There's a few options.
You can do a 'pre-seed' ssh key (added via Kickstart on in the VMware template;
on AWS you'd add this as the instance is created).
Ansible can use that to get in initially once the server is up and create more
users/groups as desired. Another option would be a central key system
like FreeIPA (Redhat do their own flavour with commercial support).
I've used both approaches and they work pretty well, but they won't really
help you on an existing site. Typically on those you already have some
form of remote access setup (how else are you managing the servers)?
In that event, I'd allow existing admins to use their own personal accounts
and grant them (ideally passwordless) sudo privileges. That way you get
an audit trail 'for free' and can easily revoke a given admins privileges
(a bit harder with a shared 'special' account).

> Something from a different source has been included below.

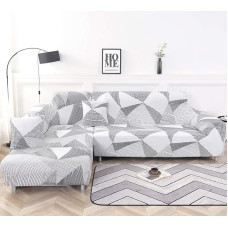 Mingfuxin Sofos Slipcovers, Elastinis ruožas sofos apima, metimai, skyrius sofos apima, kampas sofos Slipcover, baldų apsauga su 2 dalys, pagalvėlė padengti 3 sėdimųjų + 3 sėdimųjų L formos sofos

Essentially, Ansible as a 'power tool' to run over SSH, but respect all
the security restrictions a typical SSH user would have, is a pretty easy
sell to most big corps (compared to the Chef/Puppet approach of a god-level
agent that wakes up every 30 minutes and potentially wreaks havoc).
I'd generally suggest giving 'full' sudo access, not specific commands;
for Ansible to work it needs to run Python and once you have that, you're
generally able to do whatever you want to the server anyway.
As I said, you still get to see what each user is up to in whatever central
logging solution you have (provided you're shipping /var/log/secure somehow).